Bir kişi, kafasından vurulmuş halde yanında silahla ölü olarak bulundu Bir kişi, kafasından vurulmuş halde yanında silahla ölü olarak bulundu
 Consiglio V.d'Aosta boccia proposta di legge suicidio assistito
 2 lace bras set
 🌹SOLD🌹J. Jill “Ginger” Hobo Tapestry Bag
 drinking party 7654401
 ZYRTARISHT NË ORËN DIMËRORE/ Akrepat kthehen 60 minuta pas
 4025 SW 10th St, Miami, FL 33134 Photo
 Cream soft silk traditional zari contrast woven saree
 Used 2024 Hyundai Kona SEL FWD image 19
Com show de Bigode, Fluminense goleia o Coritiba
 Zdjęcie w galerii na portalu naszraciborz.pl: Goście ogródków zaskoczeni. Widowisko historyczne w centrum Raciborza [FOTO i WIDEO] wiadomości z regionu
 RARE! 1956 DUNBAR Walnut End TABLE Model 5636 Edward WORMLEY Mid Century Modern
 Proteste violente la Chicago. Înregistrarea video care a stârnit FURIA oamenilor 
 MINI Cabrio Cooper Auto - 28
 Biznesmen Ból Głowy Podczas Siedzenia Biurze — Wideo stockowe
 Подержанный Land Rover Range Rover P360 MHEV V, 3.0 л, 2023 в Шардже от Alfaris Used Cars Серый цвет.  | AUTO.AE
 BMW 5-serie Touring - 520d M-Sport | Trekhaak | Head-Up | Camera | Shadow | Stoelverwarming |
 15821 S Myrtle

============

> ABOUT THIS EXERCISE: Go line by line through the records and copy those that contain the word "Used".

> ANSWER BOX:
 Used 2024 Hyundai Kona SEL FWD image 19
 Подержанный Land Rover Range Rover P360 MHEV V, 3.0 л, 2023 в Шардже от Alfaris Used Cars Серый цвет.  | AUTO.AE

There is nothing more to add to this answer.